◆ Task to carry out:
With the pictures removed, write out the full listing below exactly.

◆ Dataset extract:
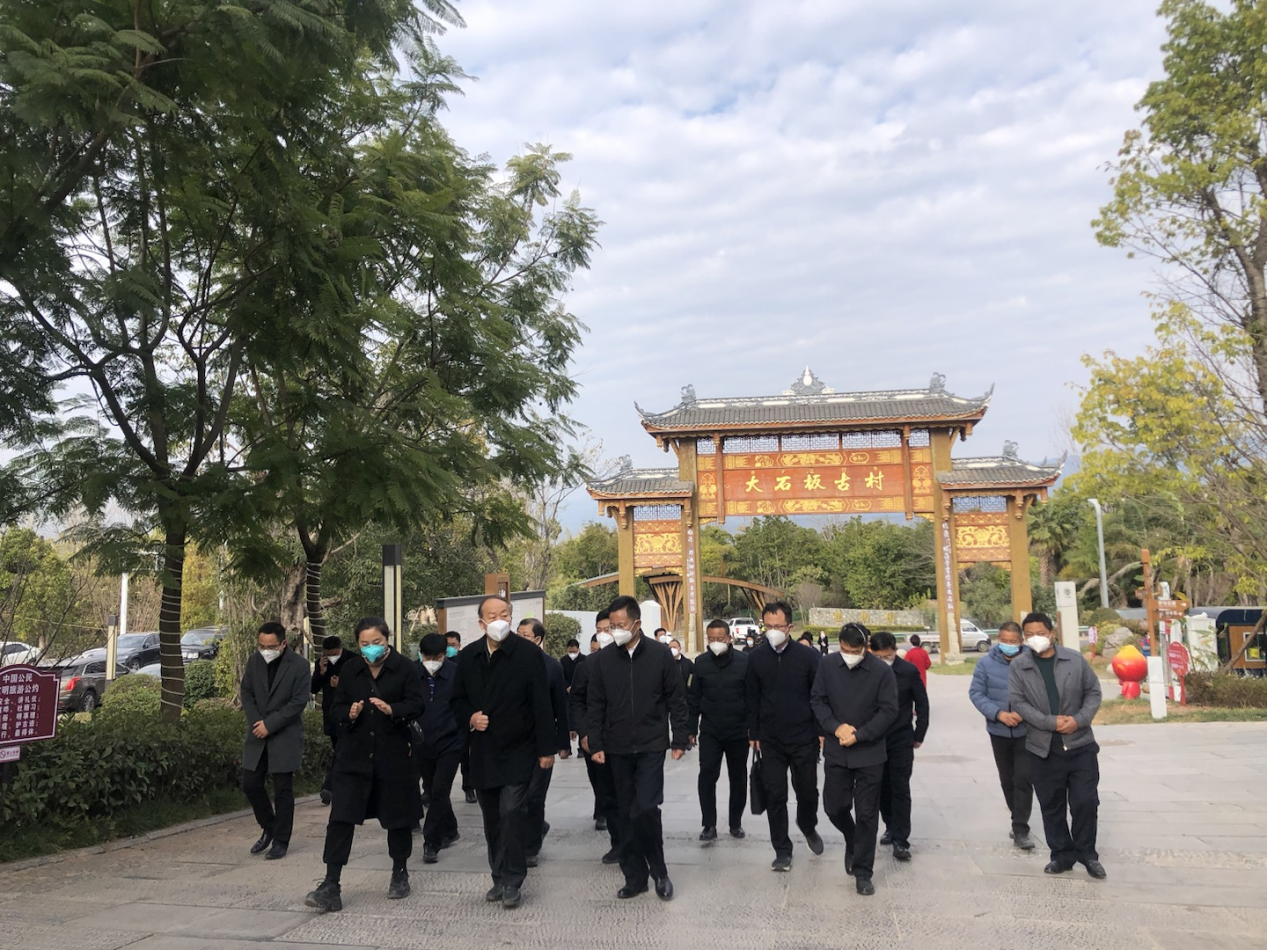 中央組織部副部長(zhǎng)傅興國(guó)一行考察調(diào)研大石板二期項(xiàng)目(圖2) 中央組織部副部長(zhǎng)傅興國(guó)一行考察調(diào)研大石板二期項(xiàng)目(圖2)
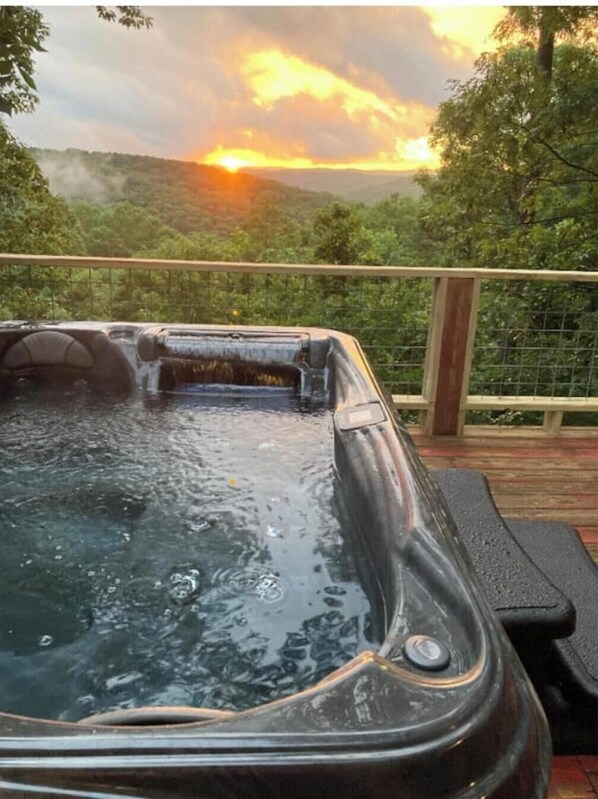 Outdoor spa tub - Cabin w/ Hot Tub, Amazing Views WIFI 50" Smart TV (Eureka Springs)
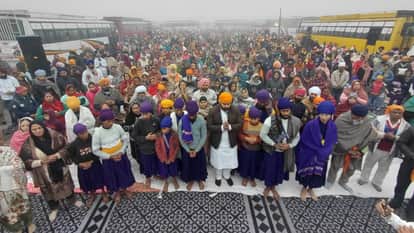 over two thousand devotees left for Fatehgarh Sahib in 45 buses from Amritsar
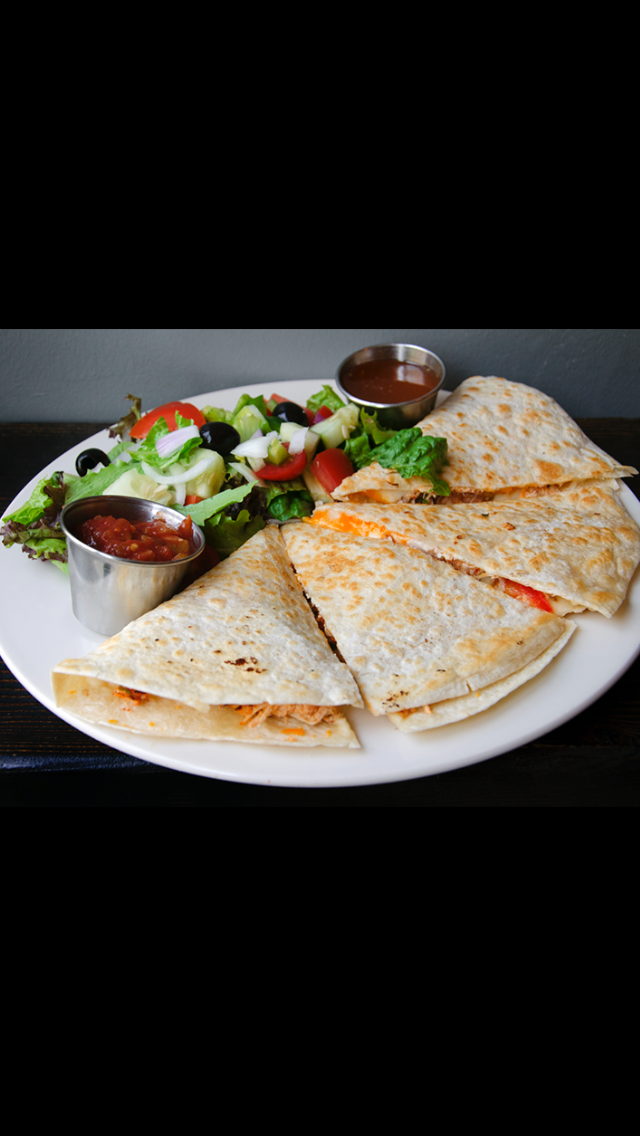 El pollito pio | restaurant | 68-60 Austin St, Forest Hills, NY 11375, USA | 3478097009 OR +1 347-809-7009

◆ Solution for this exercise:
 中央組織部副部長(zhǎng)傅興國(guó)一行考察調(diào)研大石板二期項(xiàng)目(圖2) 中央組織部副部長(zhǎng)傅興國(guó)一行考察調(diào)研大石板二期項(xiàng)目(圖2)
 Outdoor spa tub - Cabin w/ Hot Tub, Amazing Views WIFI 50" Smart TV (Eureka Springs)
 over two thousand devotees left for Fatehgarh Sahib in 45 buses from Amritsar
 El pollito pio | restaurant | 68-60 Austin St, Forest Hills, NY 11375, USA | 3478097009 OR +1 347-809-7009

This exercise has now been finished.